Café
Chaos
12 -13th March 2013
Reviewed by
The programme says this is a 'dangerous comedy' but at times it was
a lot darker than that. Nevertheless it started mundanely enough with
the staff at a present day London Cafe preparing for another day.
Light-hearted and whimsical activity morphs into idiosyncratic banter,
as the cheery Greek of the waitress and the ethnic Russian accents of
the two male characters intermingle and you realise that this is not a
typical Cockney run business when the Jewish owner appears. The cosmopolitan
customer base adds to the mix and becomes the catalyst for a series of
interactions, funny, farcical or worse.The play is directed by and choreographed
by Sian Williams who plays Mrs Burstyn; the dancing on the tables scene
was well thought out and demanded agile activity on the floor as well,
but there is plenty of action in the constant coming and going in various
guises, from all the cast via the black curtained backdrop to the stage.

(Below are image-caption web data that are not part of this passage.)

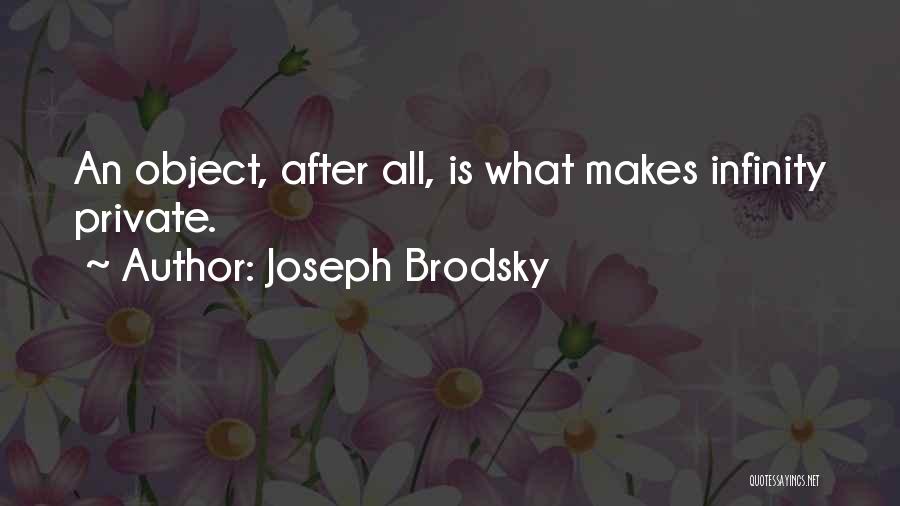 Joseph Brodsky Quotes 974886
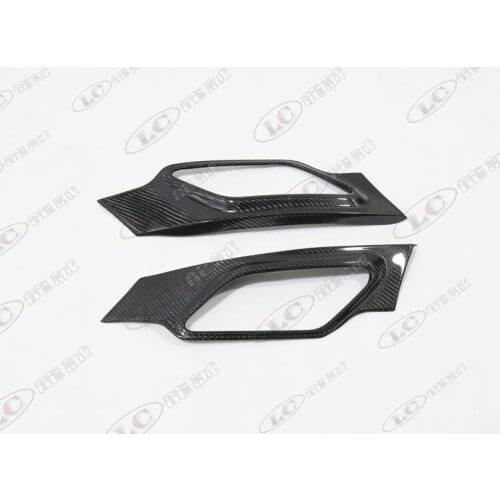 Fit for Mini R60 Rear Bar License Plate Bright Frame Modified Carbon Fiber Truck License Plate Car Frame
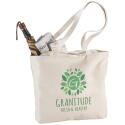 Bullet Ningbo 320 g/m² cotton tote bag 15L - OEKO-TEX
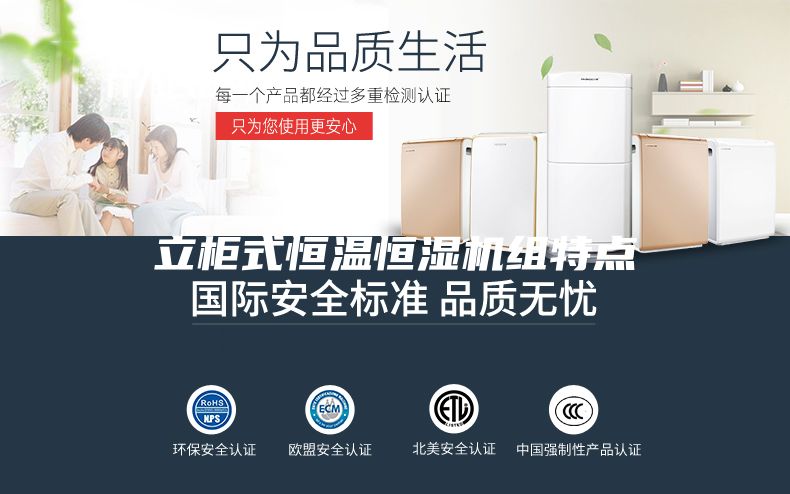立柜式恒溫恒濕機(jī)組特點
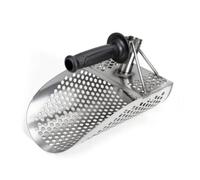 Pelle à Tamiser Le, Pelle Tamis en Acier Inoxydable sans Rallonge, 31 × 18 × 18 Cm, Environ 1,1 Kg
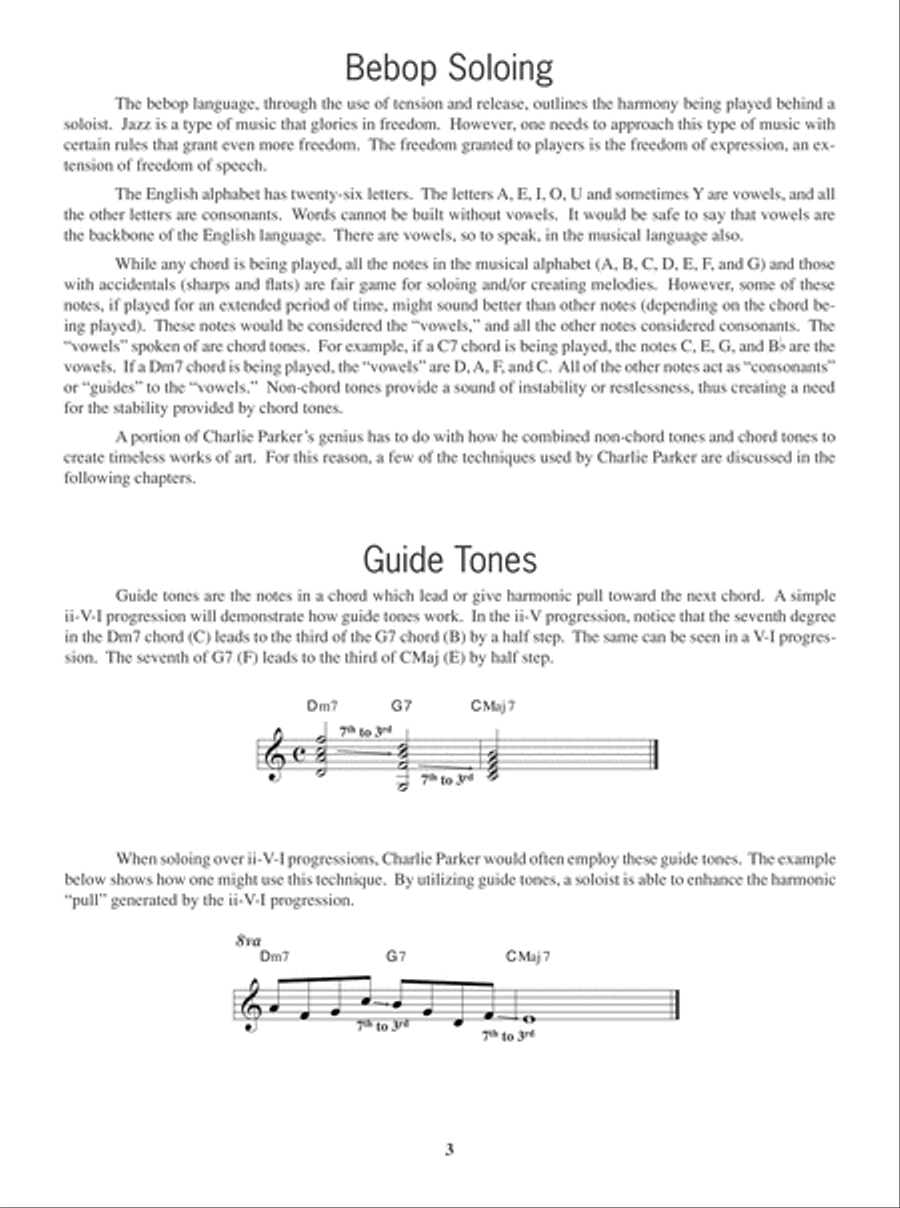 Essential Jazz Lines in the Style of Charlie Parker, Flute Edition Flute scores gallery preview page 4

Bubbly Katerina(Joanna Croll) and Nikolay(Sam Parks) wait on a tawdry
selection of interlopers some who treat the staff with distain. Others
want tea or sympathy, like the old tramp who falls asleep at his table
only to be transformed into a heap of rags after a scene change, an hilarious
row between a married couple and the mix up of a food order, and good
use of props like an interjected 'No Smoking' sign, or judicious mention
of the toilets in a table upgrade. Clever use is made of an on stage CD
player to change the mood music and the 'Faulty Towers' like stage play
begins to bring into focus what has only been hinted at before; that there
are, despite the bonhomie, prejudice and indifference are lurking just
below the surface in this claustrophic inner space where the the sun never
shines.
Gyorgi(Jamie Matthewman),the chef, when serving up, doubles as Professor
Torristor who has celebrity status with Mrs Burstyn until his holocaust
denial rant. Very dark memories are trawled up in a painful montage of
twisting entwined figures and a battered suitcase and the clever paper
lantern projection of cattle trucks and bodies crumpling into pits, which
brings the full horror of Hitler's death camps into poignant starkness
and triggers catharthis of a sort at the end.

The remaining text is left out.